This is an automated email from the ASF dual-hosted git repository.
vatamane pushed a commit to branch main
in repository https://gitbox.apache.org/repos/asf/couchdb.git
The following commit(s) were added to refs/heads/main by this push:
new 96e8b9c10 Don't wait indefinitely for replication jobs to stop
96e8b9c10 is described below
commit 96e8b9c10f3ad7bc927a88c96e0222f7b5813e3f
Author: Nick Vatamaniuc <[email protected]>
AuthorDate: Thu Jul 3 13:41:36 2025 -0400
Don't wait indefinitely for replication jobs to stop
Previously we used `gen_server:stop/3` with an infinity timeout.

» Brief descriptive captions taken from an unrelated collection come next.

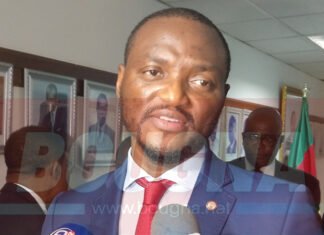 Mike SALAWOU : la BAD s’intéresse au financement de l’autoroute Yaoundé-Douala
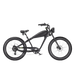 Revibikes Cheetah Plus Fat‑Tire Electric Cafe Racer Bike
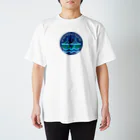 shishitou cycle のshishitou cycle  Regular Fit T-Shirt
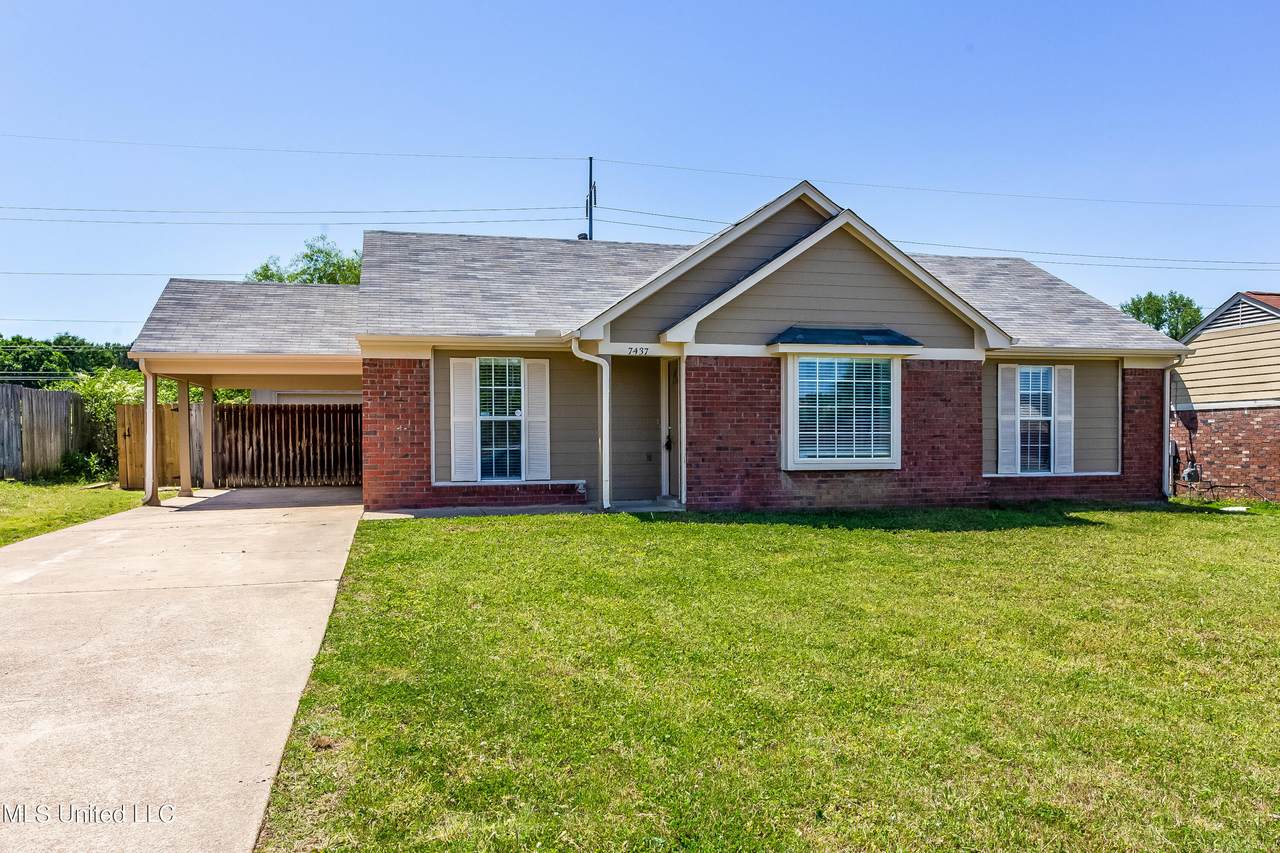 7437 Cliffwood Drive - Photo 1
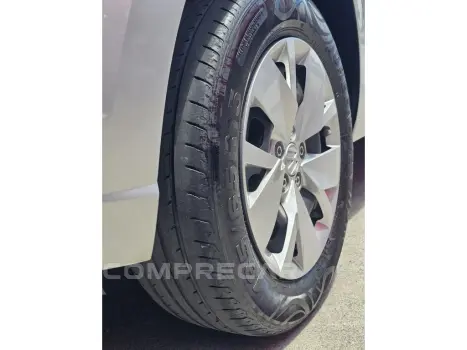 POLO 1.0 170 TSI SENSE AUTOMÁTICO
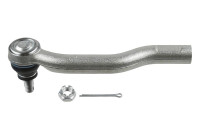 Tie-rod end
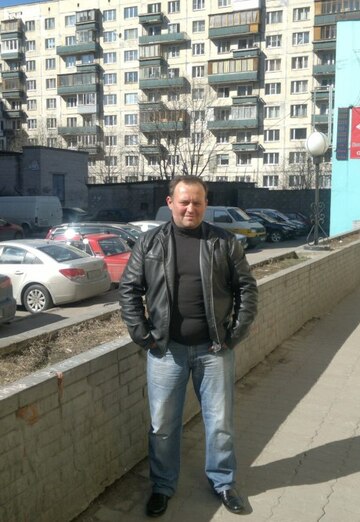 Моя фотография - Владимир, 50 из Орхей (@vladimir208335)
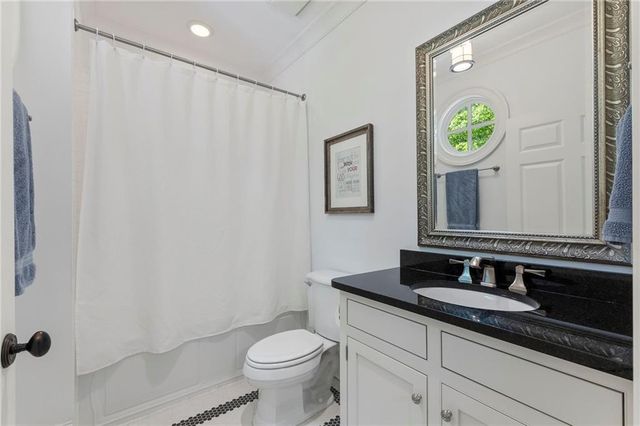 2769 Mornington Drive, Atlanta, GA 30327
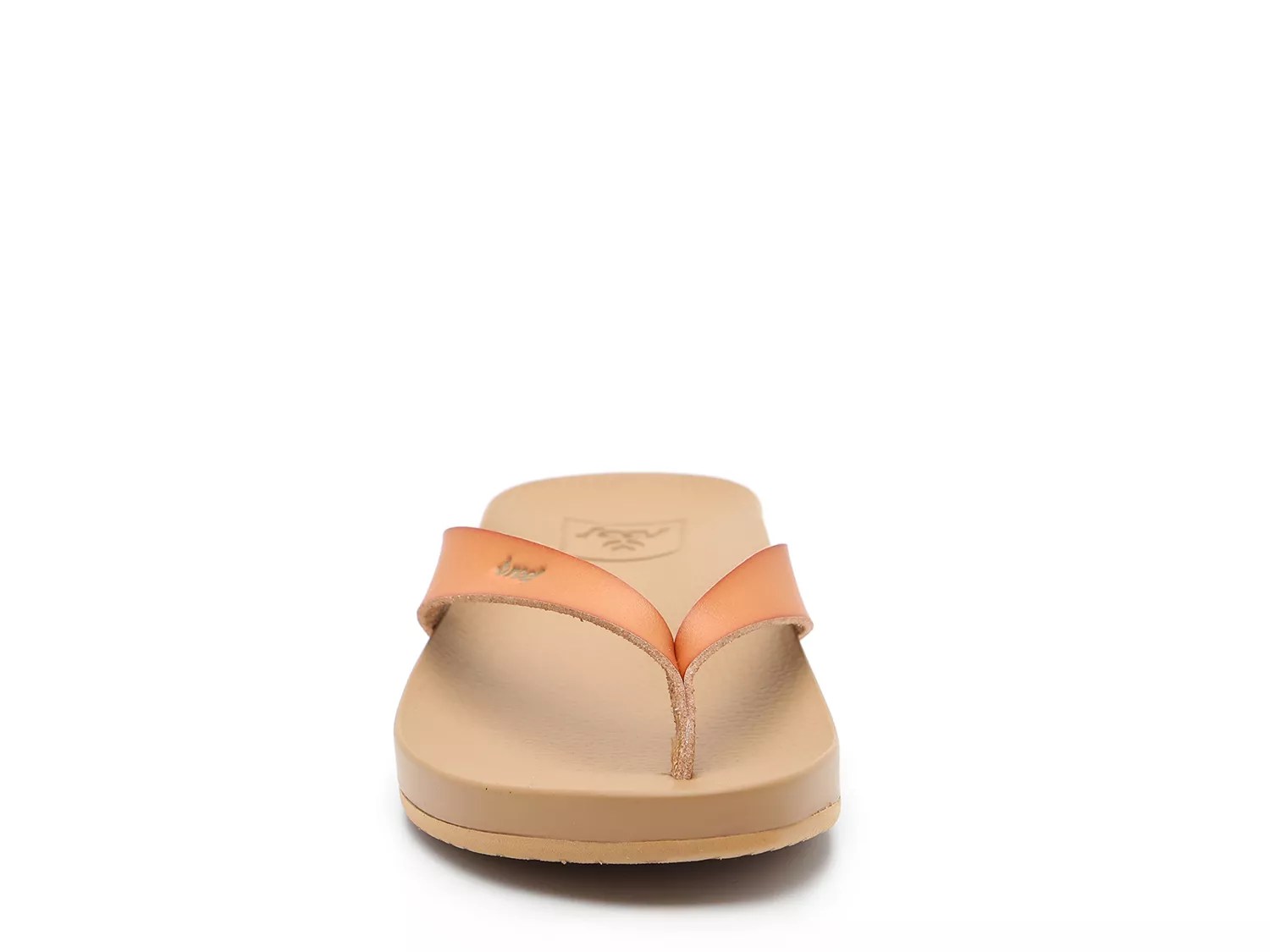 Reef Cushion Bounce Court Flip Flop DSW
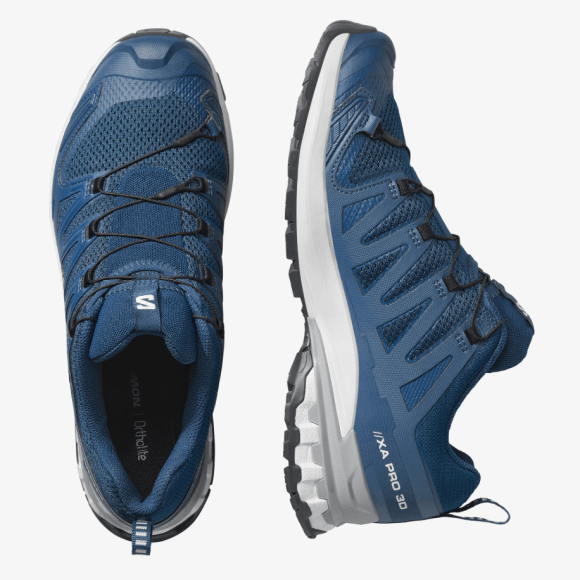 SALOMON - M XA PRO 3D V9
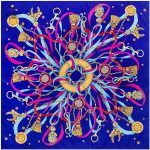 Bandana Pompon coloré pour un style unique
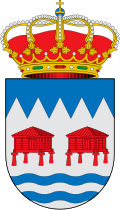 Escudo de Prioro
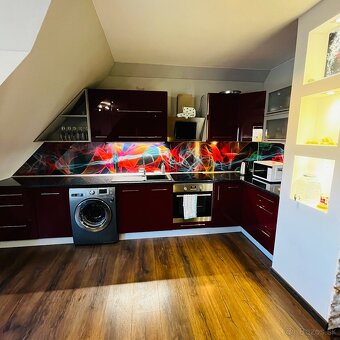 Apartmánové byty so saunou na prenájom - 3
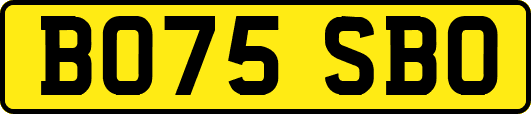 BO75SBO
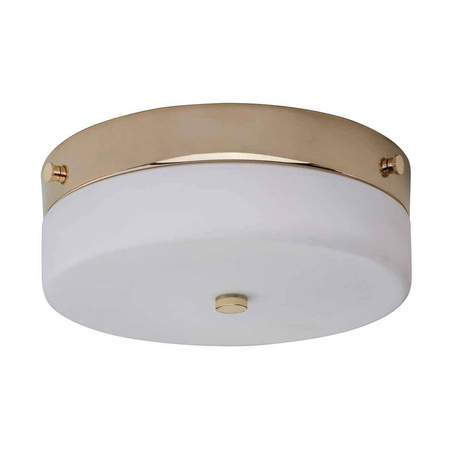 Plafon Tamar (TAMAR-F-M-PG) - Elstead Lighting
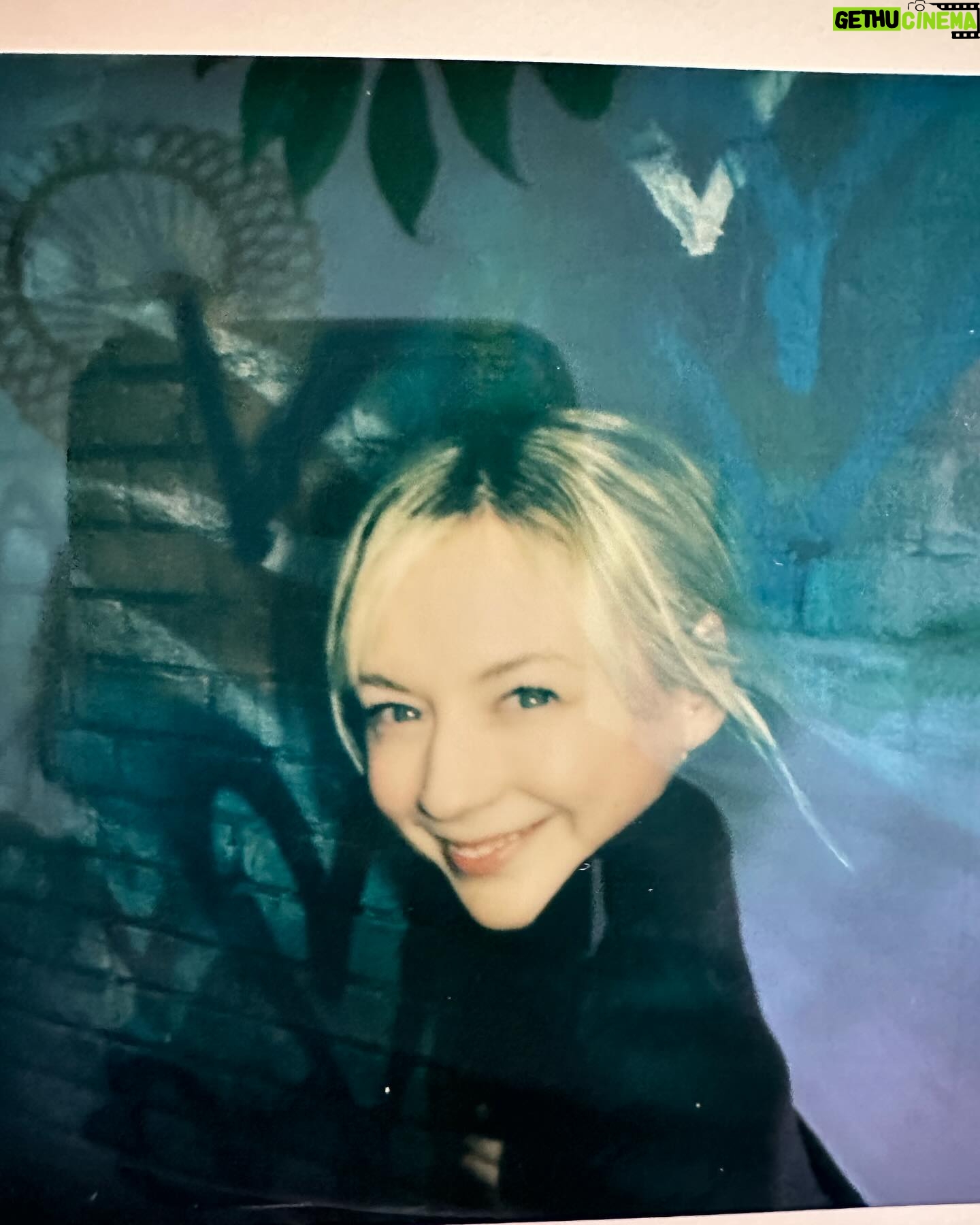 Emily Kinney Instagram - February things ❤️💕💫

We have observed that it's possible for jobs to be stuck waiting for network
requests so they may take indefinitely to process the shutdown request (and
call their `terminate/2` callback) and that can block the replicator
scheduler.
To fix it add a 5 second timeout to the stop call and then forcibly kill the
process.
---
src/couch_replicator/src/couch_replicator_scheduler_job.erl | 4 +++-
1 file changed, 3 insertions(+), 1 deletion(-)
diff --git a/src/couch_replicator/src/couch_replicator_scheduler_job.erl
b/src/couch_replicator/src/couch_replicator_scheduler_job.erl
index 544c5602a..7f123441f 100644
--- a/src/couch_replicator/src/couch_replicator_scheduler_job.erl
+++ b/src/couch_replicator/src/couch_replicator_scheduler_job.erl
@@ -47,6 +47,7 @@
-define(LOWEST_SEQ, 0).
-define(DEFAULT_CHECKPOINT_INTERVAL, 30000).
-define(STARTUP_JITTER_DEFAULT, 5000).
+-define(STOP_TIMEOUT_MSEC, 5000).
-record(rep_state, {
rep_details,
@@ -110,7 +111,8 @@ stop(Pid) when is_pid(Pid) ->
% won't return ok but exit the calling process, usually the scheduler, so
% we guard against that. See:
% www.erlang.org/doc/apps/stdlib/gen_server.html#stop/3
- catch gen_server:stop(Pid, shutdown, infinity),
+ catch gen_server:stop(Pid, shutdown, ?STOP_TIMEOUT_MSEC),
+ exit(Pid, kill),
receive
{'DOWN', Ref, _, _, Reason} -> Reason
end,